Fortunately, I figured out there was an unmarked road on the GPS if I went straight at the first the turns.  In total desperation I went down the road to avoid the turns ahead. I had no idea if it would dead-end on me which would have been bad. The unmarked road led to a logging yard and I thought I would have to go into it and turn around and attempt the hairpin turns after all.

Fortunately, right before the gates to the logging yard, a small, single lane side street appeared on my right, so I took it.  Again, I didn’t know where it would take me, but in a block or two I was able to get onto regular roads.  Within a few more blocks, I was at the highway.

Breathing a sigh of relief, Eddie, the Adventure Prius, the Poos, and I (still reeking of sulphur) all turned onto the main highway and headed north to the municipal campground in Golden.

Finally, back on the main highway to Golden.

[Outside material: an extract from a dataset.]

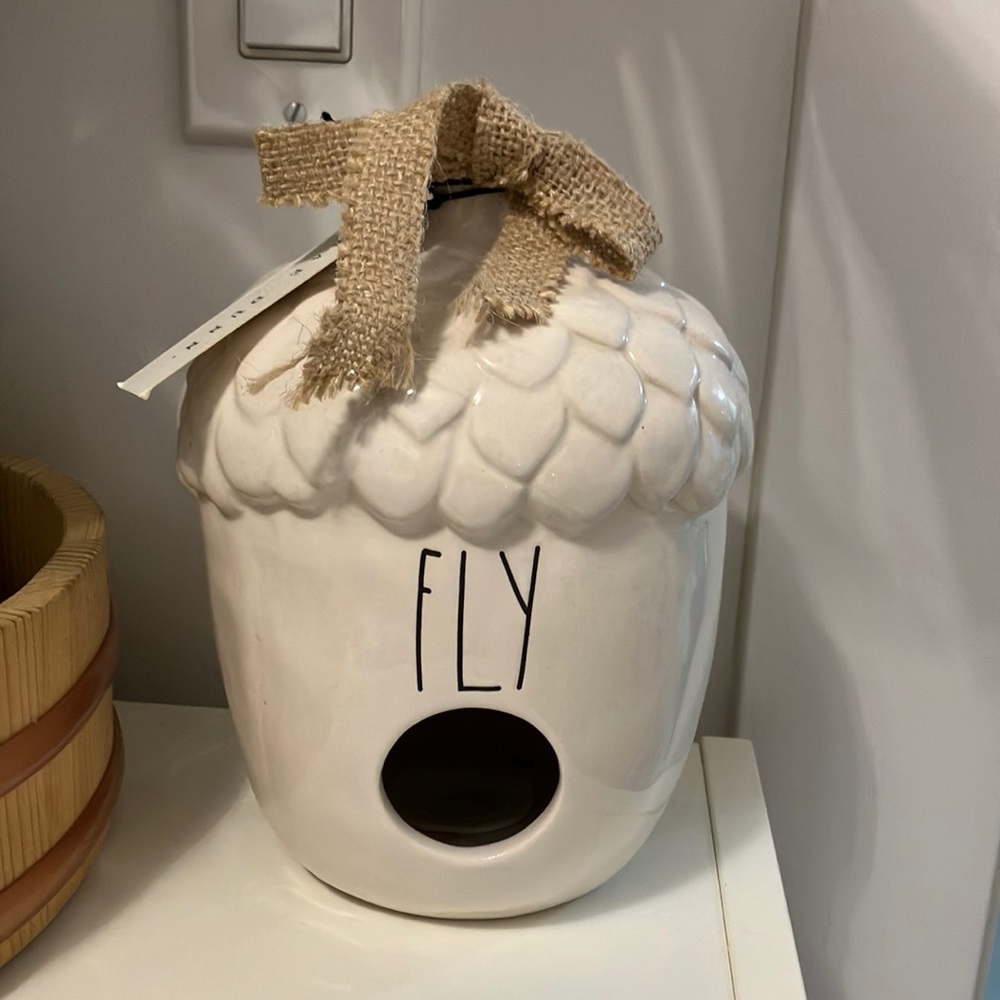 Rae Dunn , “Fly” ceramic decorative bird house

Finally, back on the main highway to Golden.

Golden, British Columbia

When we arrived several hours later, had parked, and set up camp, I set off to take a shower at the campgrounds.  Although Eddie has a shower and water heater on board, heating the water uses propane which isn’t always readily available, and it takes an hour to heat up.  I had dust particles in my nose, in my ears, and my eyes were crusty.  I had driven with the windows up, but the fine dust had worked its way into Eddie.

It turned out that the showers were timed and cost a couple of Canadian dollars for only a few minutes.  Even though it was expensive and brief, it was one of the better showers I have ever had.

Only when I woke up the next morning did I realize the extent to which the fine dust particles had penetrated Eddie.  They had come up through the back end and had gotten all in my night stand drawers.  Likewise, they had easily found their way through the cracks in the cargo bins underneath.  Literally everywhere that air could pass, there was dust.  I don’t think I will ever get rid of it all.